Data excerpts START

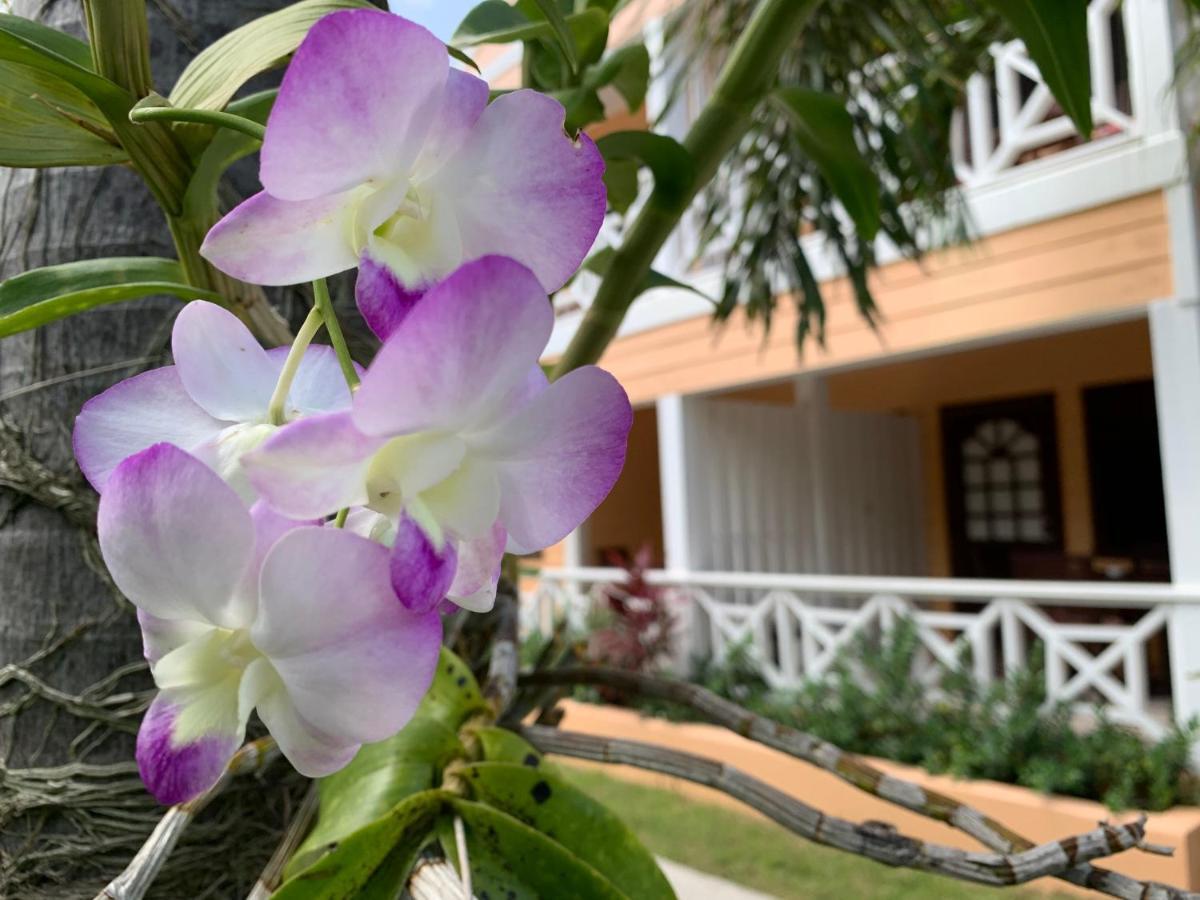 Dickenson Bay Buccaneer Beach Club المظهر الخارجي الصورة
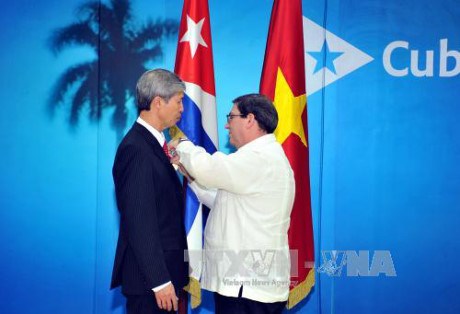 Cuba confiere medalla de la Amistad al embajador vietnamita hinh anh 1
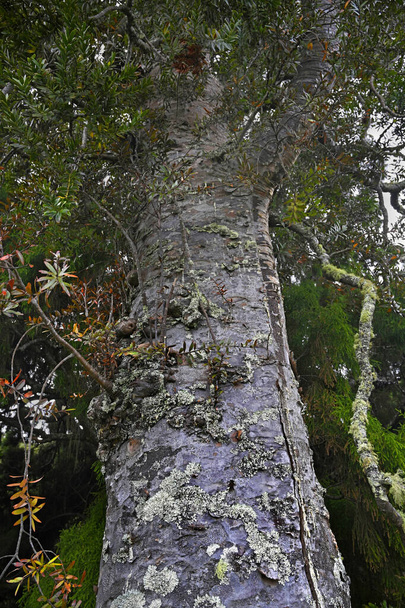 Büyük Bariyer Adası Yeni Zelanda 'da 800 yıllık Kauri Ağacı' nın gövdesine yakın.. - Fotoğraf, Görsel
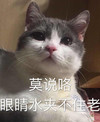 萌宠 猫星人 莫说咯 眼睛水夹不住了 呆萌 可爱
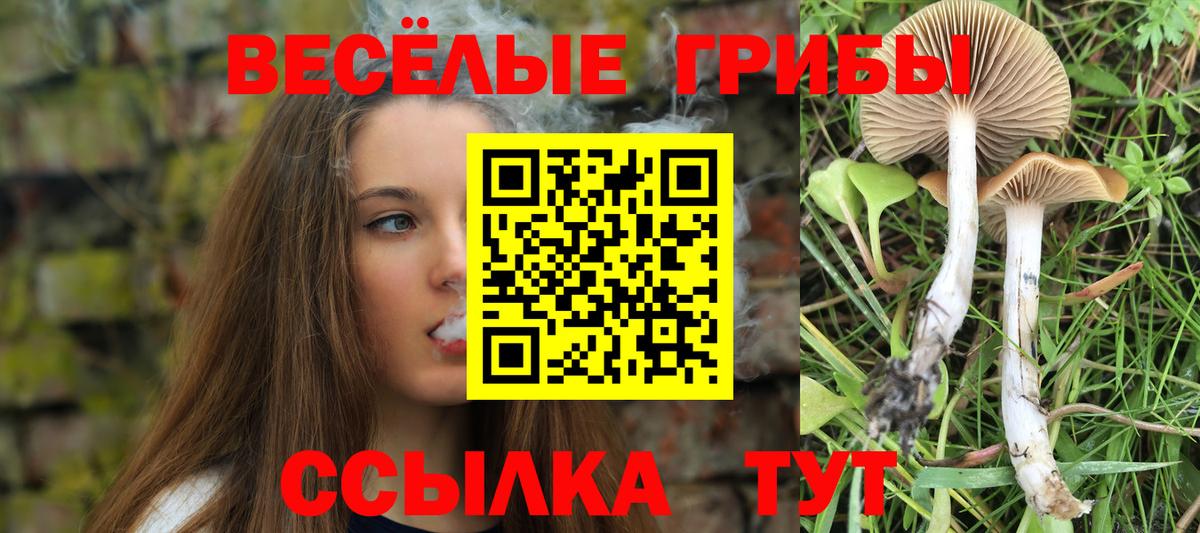 Галлюциногенные грибы Psilocybine cubensis Новомосковск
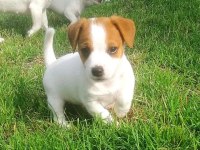 Kısa Bacak Jack Russell Yavruları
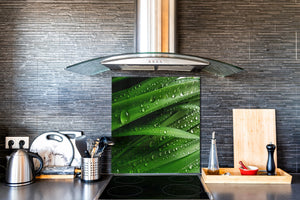 Rückwand aus gehärtetem Glas für Kochfeld – Glasauftankung – Rückwand für Küchenspüle BS17 Serie grünes Gras und Getreide:  Leaf Drops Of Water 1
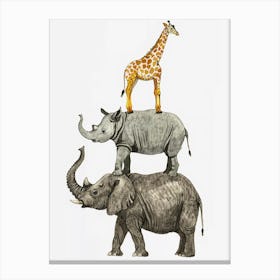 Animals Canvas Print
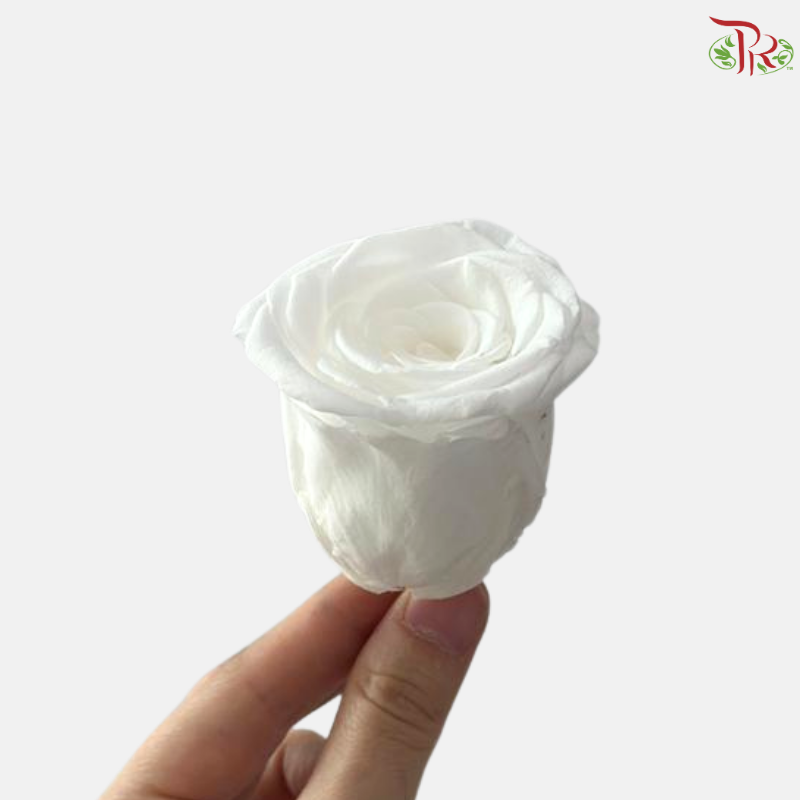 8 Blooms Preserved Rose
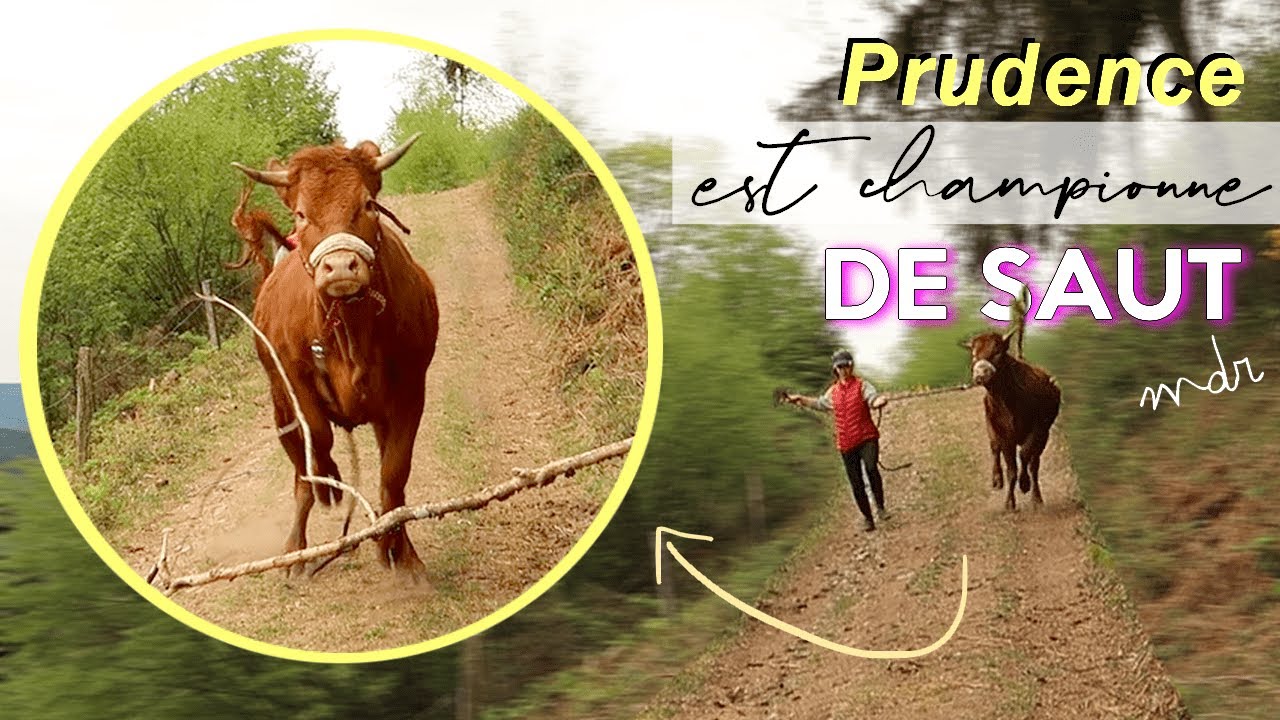 je réalise vos défis avec ma vache (c'est un peu dangereux quand même!)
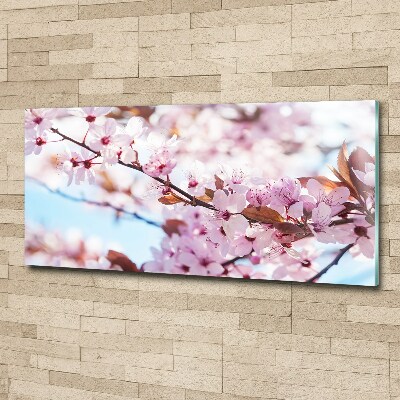 Acrylic wall art Cherry blossoms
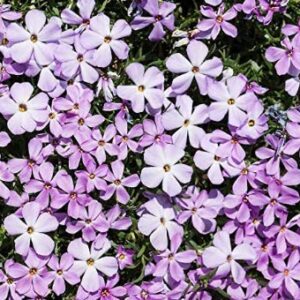 Mountain Phlox Flower Seeds, 1000+ Flower Seeds Per Packet, Non GMO & Heirloom Seeds, (Isla's Garden Seeds), Scientific Name: Phlox stansburyi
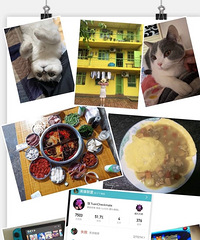 94��170CM�Ĵ�Ů�������������飬��2ֻèè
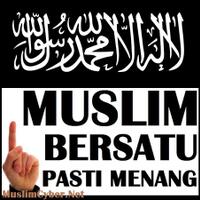 pan-alihkan-dukungan-ke-anies-sandi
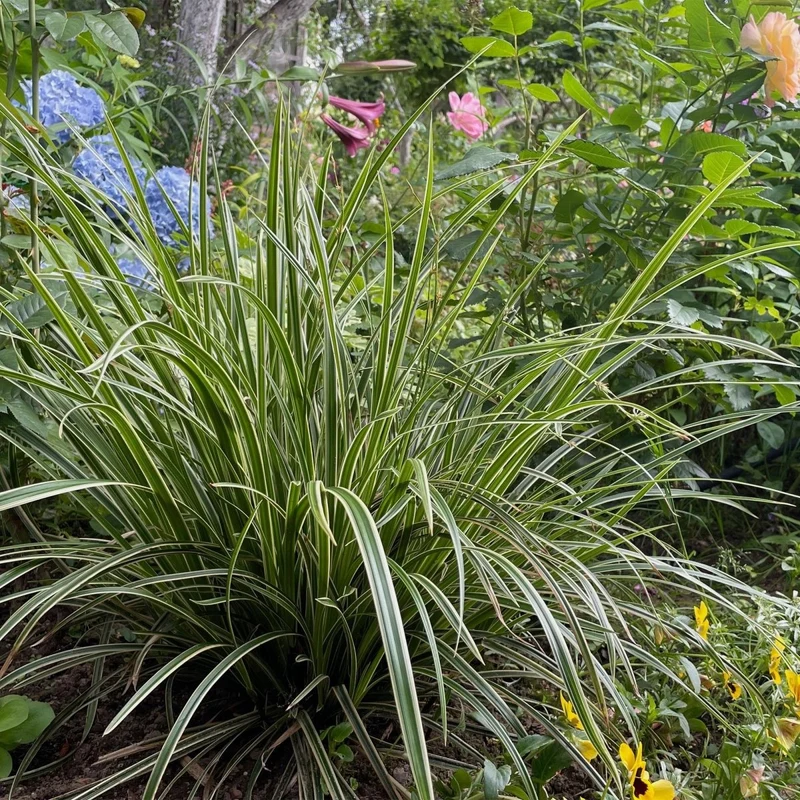 Carex morrowii 'Ice Dance' – 2x Japan-Segge im Ø17 cm Topf | Immergrün & pflegeleicht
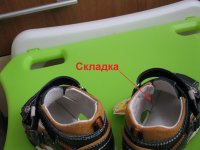 IMG_3979_1.jpg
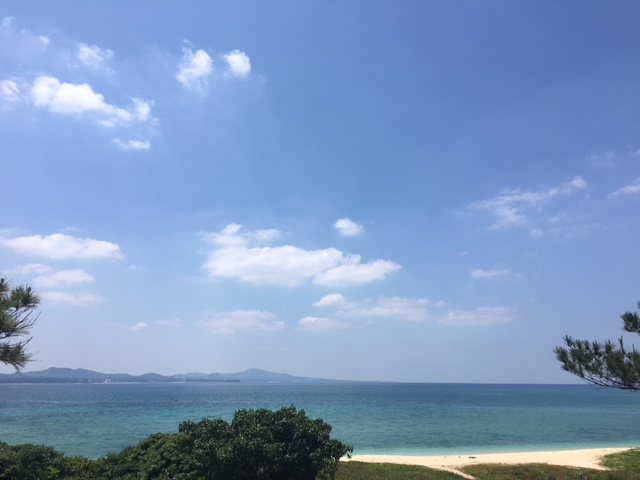 まんまる市ありがとうございました。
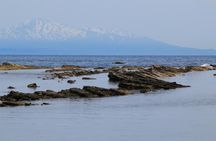 Private Akita and Oga Peninsula shore excursion for cruise guests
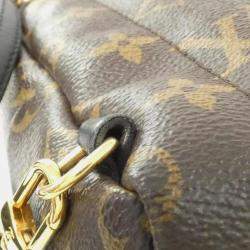 Louis Vuitton Monogram World Tour Palm Springs Backpack Mini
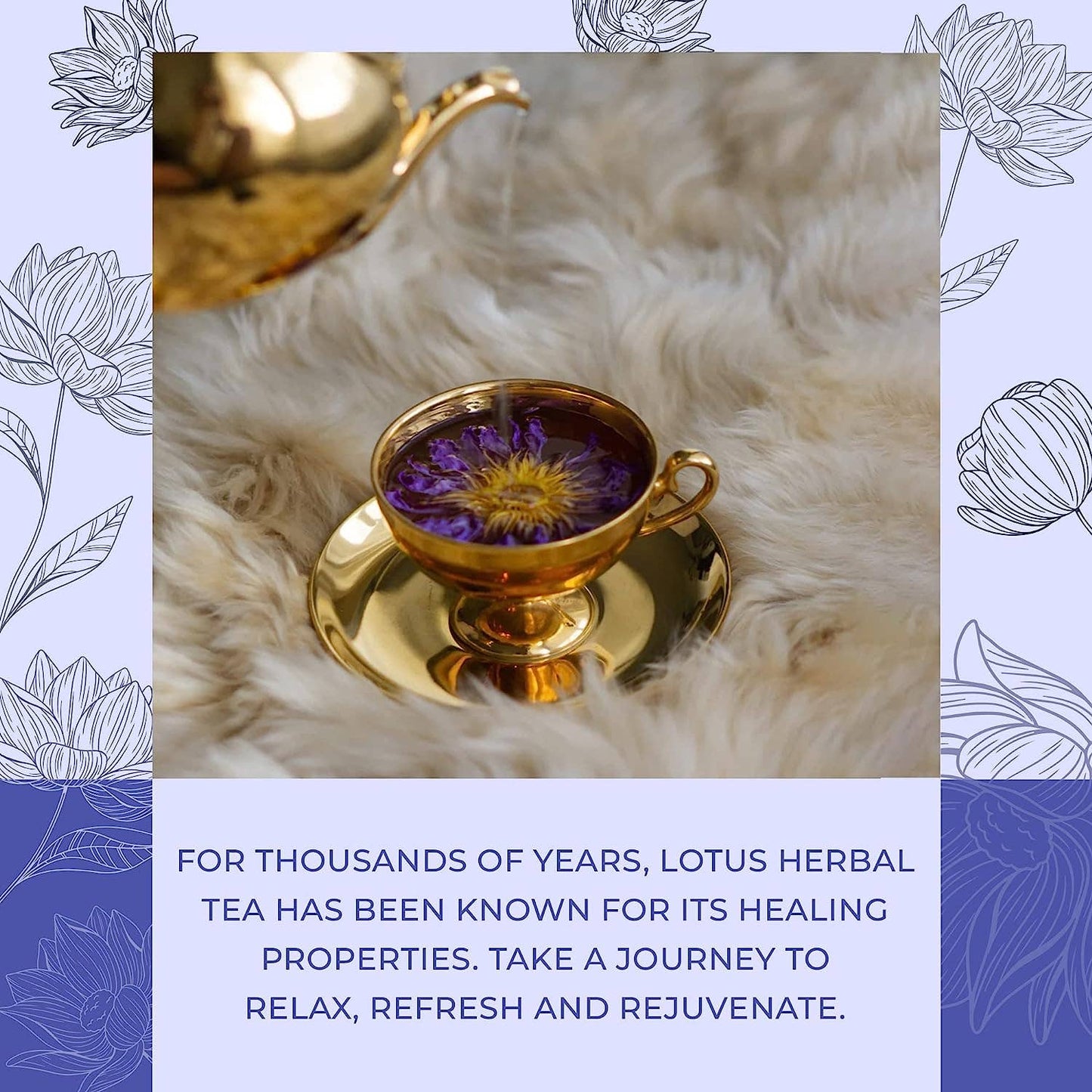 Organic Lotus Whole Flower - The House of Botanicals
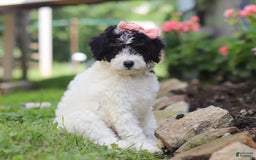 Mini Aussiedoodle dogs for sale: Sparkles - Image 1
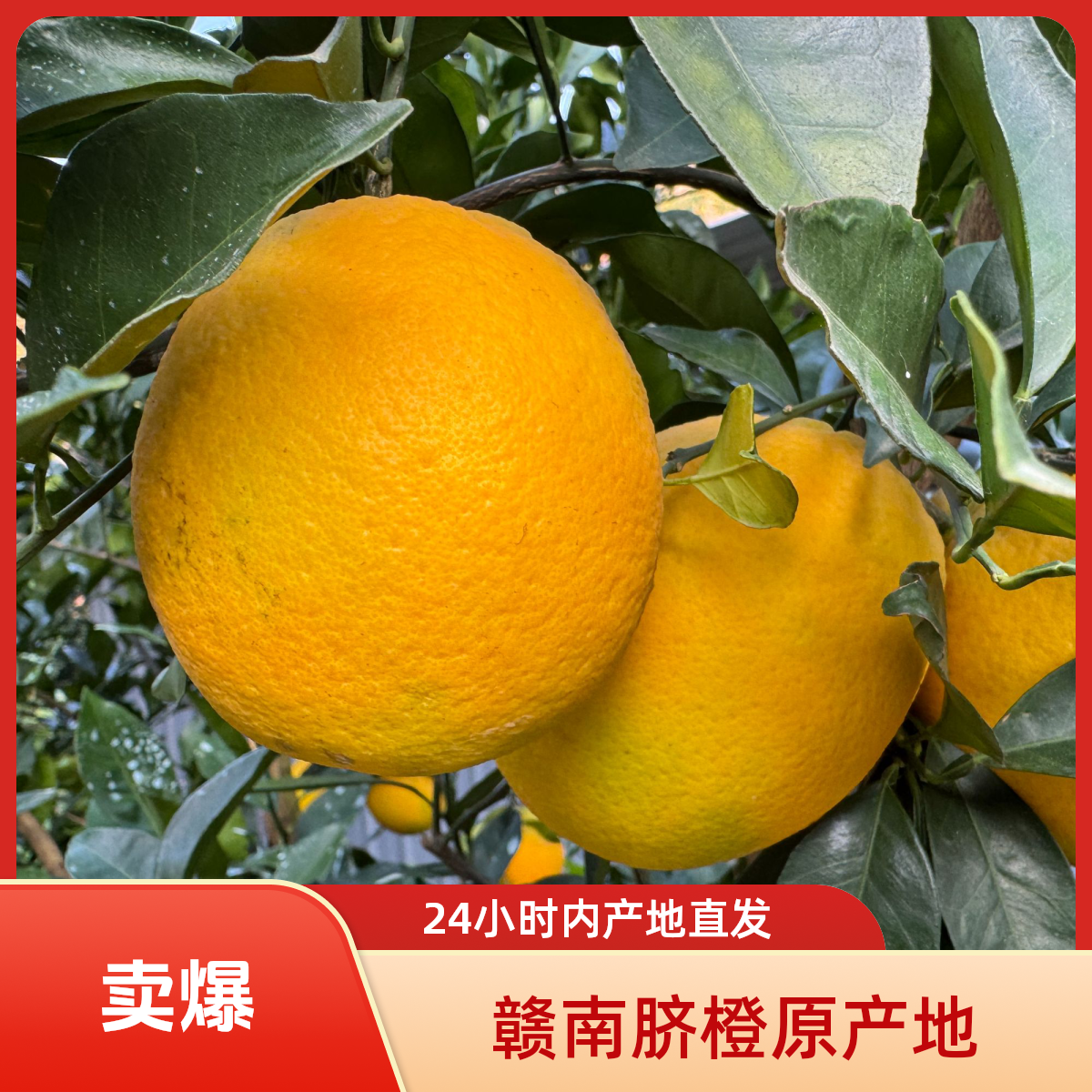 犹江红现摘现发正宗赣南脐橙原产地发货纽荷尔脐橙标准果精品果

Data excerpts END

#### Exercise details:
Say again, word for word, the lines beginning at the top of the data and ending with the line that has "8 Blooms Preserved Rose". Skip the pictures.

#### Output for this exercise:
 Dickenson Bay Buccaneer Beach Club المظهر الخارجي الصورة
 Cuba confiere medalla de la Amistad al embajador vietnamita hinh anh 1
 Büyük Bariyer Adası Yeni Zelanda 'da 800 yıllık Kauri Ağacı' nın gövdesine yakın.. - Fotoğraf, Görsel
 萌宠 猫星人 莫说咯 眼睛水夹不住了 呆萌 可爱
 Галлюциногенные грибы Psilocybine cubensis Новомосковск
 Kısa Bacak Jack Russell Yavruları
 Rückwand aus gehärtetem Glas für Kochfeld – Glasauftankung – Rückwand für Küchenspüle BS17 Serie grünes Gras und Getreide:  Leaf Drops Of Water 1
 Animals Canvas Print
 8 Blooms Preserved Rose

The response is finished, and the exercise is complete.